MILAN (Reuters) - The shareholders of Italian railways group Italo have accepted a 1.98 billion euro ($2.43 billion) takeover offer by Global Infrastructure Partners (GIP) and scrapped plans for listing the company on the Milan bourse.
The U.S.-based infrastructure fund raised its offer for all of Italo late on Wednesday from an initial bid of 1.9 billion euros, excluding debt.
The new offer includes an equity value for Italo of 1.94 billion euros, the promise to pay out 30 million euros in already promised dividends and another 10 million euros to cover for the cost of dropping the planned listing.
Italo had planned to offer up to 40 percent of its capital in an initial public offering (IPO) slated for later this month.
Under the GIP offer, Italo’s shareholders can reinvest in the group and buy up to 25 percent of the railway operator.
Italo aims to expand further at home and to export its business model abroad so being part of GPI, a U.S.-based infrastructure fund that manages assets worth 40 billion euros, could help further those ambitions.
Accepting the GIP offer - which arrived just days before Italo was expected to set a price range for its IPO - will give the company’s shareholders the opportunity to cash in on an investment that took a decade to turn a profit.
Based on initial interest from potential investors during the IPO’s pre-marketing, the GIP offer also presents an upside to the valuation that would have likely emerged through the share offering, two sources close to the matter have said.

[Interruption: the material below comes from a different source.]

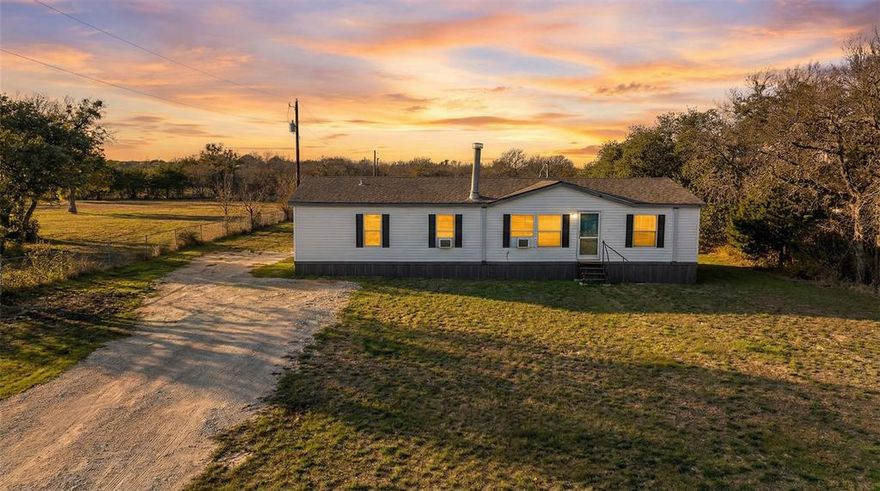 Enjoy peaceful country living in this spacious and well-maintained 3-bedroom, 2-bathroom mobile home situated on 2.3 beautiful acres. This clean and move-in ready home offers an inviting layout with thoughtful updates throughout, including updated flooring and modern fixtures that give the space a fresh, comfortable feel. The secondary bathroom has been completely renovated, adding both style and functionality. Each bedroom offers generous space, while the open living areas provide the perfect setting for relaxing or entertaining. Step outside and take in the wide-open 2.3 acres — ideal for gardening, animals, outdoor entertaining, or simply enjoying the quiet surroundings. With plenty of room to roam and endless possibilities, this property offers the freedom and flexibility of true country living while still being within reach of town conveniences. Home is not real property and has been moved twice. Listing agent is related to seller. Survey is available on MLS. Being sold as is where is. Property has lender information attached to documents for special financing if needed. Plug in 191 Yucca View East into GPS and then turn onto Cross Timbers and house will be on your left, sign out front. Survey in under supplements for better reference.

By selling their shares, however, investors miss out on any potential share price increase and dividend payments that Italo - a business with a core profit margin of around 35 percent - might have offered in the future.
Italo’s founders, including former Ferrari boss Luca Cordero di Montezemolo, invested a combined 1 billion euros in the start-up in 2006, seeking to challenge Italy’s state-owned Ferrovie dello Stato on high-speed routes across the country.
Arriving just weeks before Italy’s national election on March 4, the takeover bid removes any uncertainty Italo could have faced if it had pursued its listing plans. It also shows there is appetite for Italian assets despite the looming vote.
GIP was advised in the deal by Italian investment bank Mediobanca MDBI.MI.